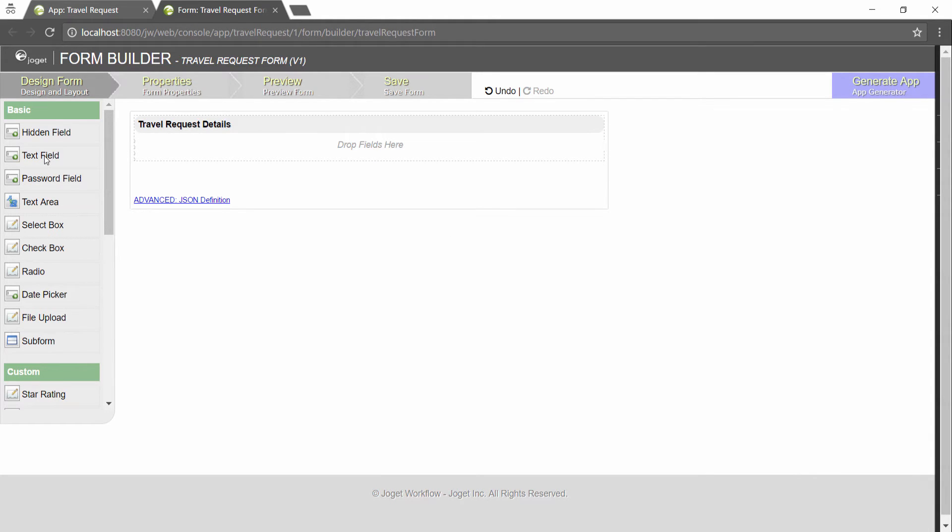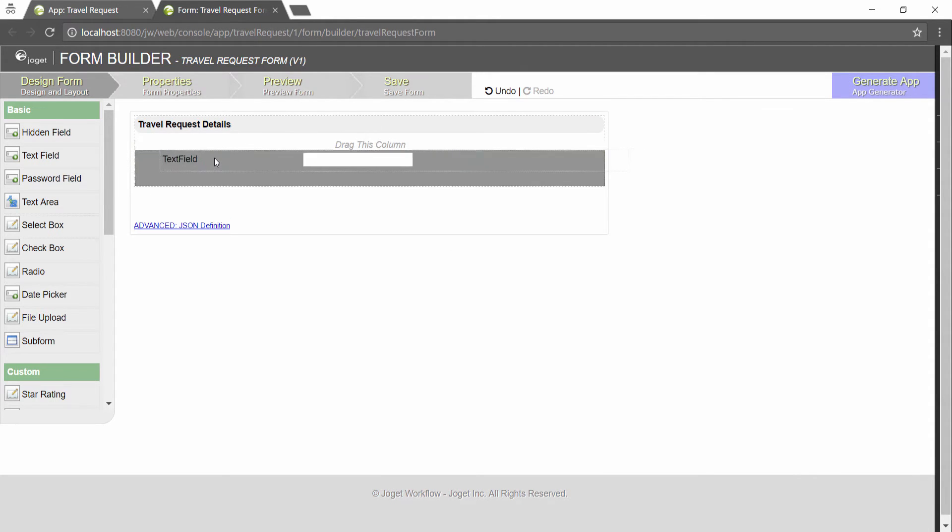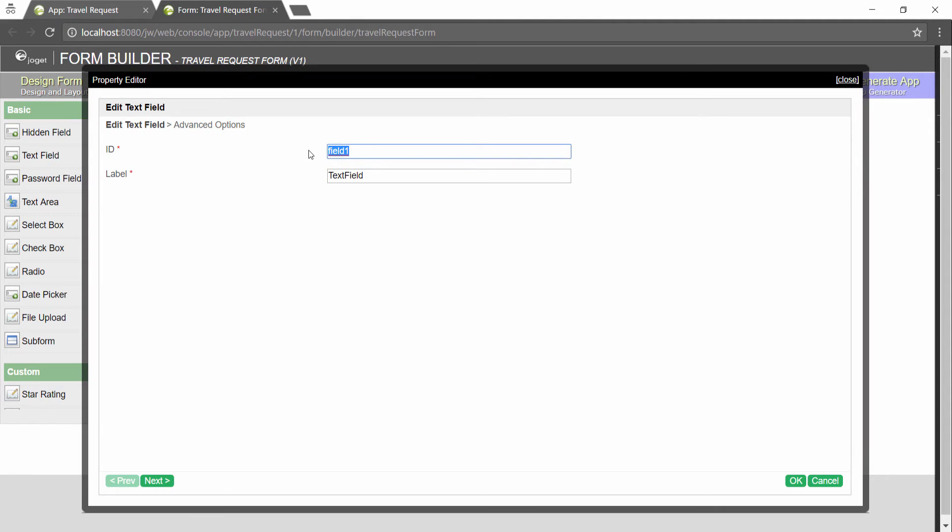Add a few form elements as needed for this form. Rename the ID and the form field label accordingly. A table column will be created in the database based on the ID here.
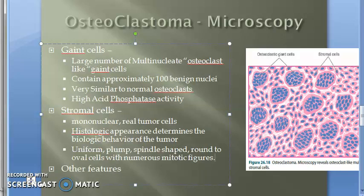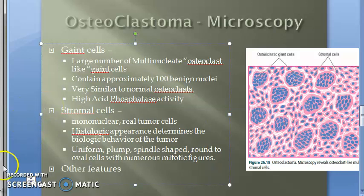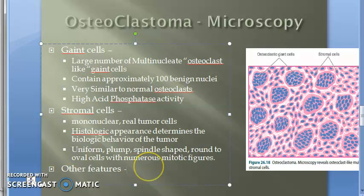Now let's look at the other features of the stroma. The stroma includes scanty collagen, rich vascularity, areas of hemorrhage, and presence of macrophages.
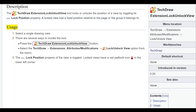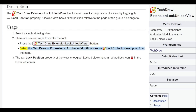Usage: Select a single drawing view. There are several ways to invoke the tool — press the TechDraw Extension Lock Unlock View button, or select the TechDraw Extensions menu.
○ ○ ○ ○ ○ ○ ○
The material above is to be repeated word for word, with no images kept.

Add a few form elements as needed for this form. Rename the ID and the form field label accordingly. A table column will be created in the database based on the ID here.
Now let's look at the other features of the stroma. The stroma includes scanty collagen, rich vascularity, areas of hemorrhage, and presence of macrophages.
Usage: Select a single drawing view. There are several ways to invoke the tool — press the TechDraw Extension Lock Unlock View button, or select the TechDraw Extensions menu.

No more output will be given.